Лена склонилась к нему. Он почувствовал ее дыхание и тихое прикосновение губ.
— Мне хорошо с тобой, Сережа, — вздохнула она.
— И мне.
— Ты скоро уедешь?
— Мне нужно еще побывать у матери.
— Ты уедешь, и я опять буду ждать.
Он обнял ее. Так сидели они еще долго, слушая уверенное, наполненное железным здоровьем дыхание Москвы, перебрасываясь простыми словами. Они чувствовали себя на этой скамье оторванными от всего, будто очутились в бесконечности, и в то же время они были частицей огромного мира огней, биения сердец, потому что каждой клеточкой своей чувствовали этот мир, окружавший их и не отпускавший от себя. Это чувство было так остро, так беспредельно радостно, что каждый неосознанно, но отчетливо понимал: это и есть счастье. Так они могли бы просидеть всю ночь, утро, день и опять всю ночь.
— Нам пора, — сказала она.
Было, наверное, очень поздно. Замятин почувствовал, как нелегко было Лене сказать эти два слова, и молча, не отпуская ее руки, поднялся.
«Мы не растеряем этого, — думала Лена, — даже на расстоянии. Оно не может исчезнуть никогда».
И так же подумал Замятин.
Они остановили такси и ехали молча, сидя рядом, в зыбком свечении приборов, в перехлестке клубящихся огней, бивших по боковым стеклам.
Лена остановила машину на Шмидтовском проезде.
— Тут полквартала. Мы пройдем пешком.
Они спустились вниз по переулку. Остановились у входа в широкий, каменный колодец двора. Редкие розовые, желтые, зеленоватые квадраты окон мерцали в нем.

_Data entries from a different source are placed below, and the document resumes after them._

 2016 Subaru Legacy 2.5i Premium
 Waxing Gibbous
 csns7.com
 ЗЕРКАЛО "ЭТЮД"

— Я живу вот в том доме, — сказала Лена. — Пятый этаж. Видишь, горит свет рядом с лестничным пролетом справа? Это на кухне… Значит, мне оставили ужин. А может быть, отчим сидит, решает шахматную задачу. Еще правее темное окно — там комната мамы и отчима. Следующее — мое… А вон и береза, посмотри.
Рядом с деревянной беседкой и столом для пинг-понга росла корявая дворовая береза, густо свесив, как распущенные космы, частые, тонкие ветки. И она показалась Замятину очень знакомой, доброй, как ласковая старушка.
— Прямо-таки отличная береза, — засмеялся он. — С такой падать сущее наслаждение.